発言をしない人への対応で工夫している点はありますか?

明るい雰囲気づくり、一人一人が質問やアウトプットをしたことを復唱し、 全員に聴こえるようにしました。(発表者の声がめちゃくちゃ小さいことも あったので、雰囲気づくり、情報伝達を含め工夫しました)

発言をしない人への対応で工夫している点はありますか?

自分の番でなかなか発言できない子については、その子の隣に座ってどんなに 小さな声でも聞きとって反応するようにしています。 その子が発言したワードに対して反応することで、 また少しずつ発言してくれるようになりました。 他の子に対して質問できない子については、○○さんどう思う?と話をふって、 質問カードを一緒に見ながら「この質問ならいま出来そうやない?」と 質問しやすいように誘導しています。

発言をしない人への対応で工夫している点はありますか?

自分の意見を2つの角度から提示する。例をだしていく。 正解はなくてみんな違った回答がでるのがあたりまえ、 むしろそれが普通だということを伝える。

発言をしない人への対応で工夫している点はありますか?

○○ということかな?と言う様に聞いてあげた。選択肢を三つぐらい言うと、 『これ』と答えてくれるようになった。考えや、思っていることを言語化で きないだけなので、こちから読み取ってこれからなという選択肢を言語化し てあげる様に工夫した。

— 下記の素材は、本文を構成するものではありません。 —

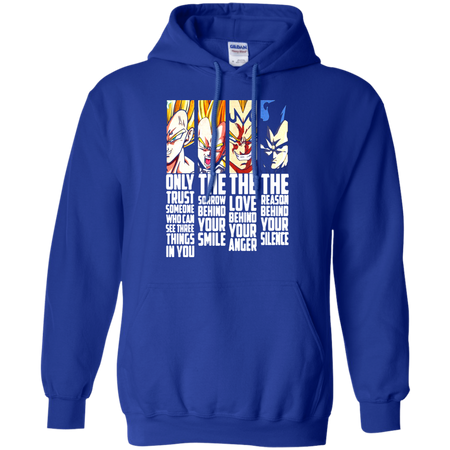 Dragon ball vegeta Only trust someone who can see three things in You T shirt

各自発表をするとき、どのように順番を回していますか?(個人参加プログラム)

最初に意識の高い子を指名して、めちゃくちゃ深く掘って思考させて、 承認するとその子が終わった時に緊張も解れたのか感覚を掴んでくれて(気づいてくれて)その後深堀りを手伝ってくれる説

その他

深掘り用シートを活用する場合、スマホ・タブレットの自動ロック制限を解除しておくと、自動スリープしないので良いかと思います。